There are some weak points (in my opinion) on stuff like "bias response teams" or something like that. Haven't looked into it, and I'm not sure what exactly the bad is that they do. I don't think anyone is mentioned to have been expelled because of bias, and it didn't get clear to me what bad stuff these are accused of precisely, other than existing. Urban complains that universitiesfight against racial and gender discrimination but not discrimination based on political views. There is of course a difference between discrimination based on innate characteristics and discrimination based on changable ones, so that doesn't bother me. (One might argue that religious discrimination is included even though that is also changable, and yes I would agree that that should probably be relegated to the lower tier of badness where political discrimination is.)

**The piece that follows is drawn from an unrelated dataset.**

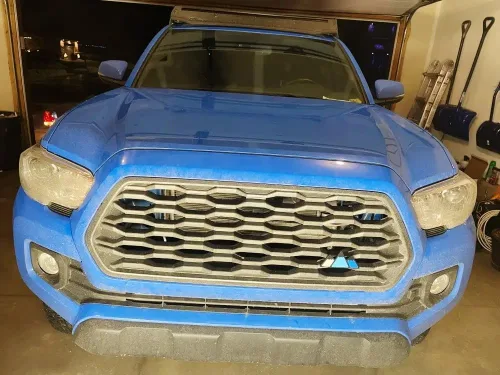 Vista 5 de iJDMTOY Emblema de rejilla de estilo retro de 3 colores en forma de montaña compatible con Toyota Tacoma Tundra 4Runner FJ Cruiser RAV4 Hilux, etc.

We get into Lawrence Summers, former president of Harvard. This is an incident of 2005, which feels like ancient history compared to the other stuff that we're discussing here. He gave a speech in which he said that he doesn't think gender discrimination is as big a problem as it's made out to be, and people got upset. One might question why he felt the need to speak on this topic at a research conference, it doesn't seem like he's an expert. The speech itself is lackluster, he gives three potential causes of underrepresentation of women in STEM and concludes that discrimination is the least important. ; it is not explored how discrimination might also be a factor that can explain the discrepancies in the other two causes, which is probably the weak point of the speech. Following that, he got removed as president (but he had also previously been embroiled in other controversies). Notable that according to Wikipedia, he still got majority support of the student body at time of removal, so I'm not convinced that you can label this a result of SJF culture.
Finally, we get to a math paper, yay! The paper is about the variability hypothesis also mentioned by Summers, and from the timeline the paper may have been in reaction to that incident. As a mathematician, I am already kind of surprised by this choice of topic, it doesn't really have much to do with math research. The paper got pulled after publication, and according to Urban that's bad, because publication means it's thoroughly peer-reviewed and should thus be accepted as truth. And then... he goes on to tell the tale about how some activists managed to get 7 bullshit papers published. And I have to wonder: Shouldn't Urban at this point notice a problem in his reasoning?
The underlying problem here as I see it is really publication culture in academia, not SJF culture.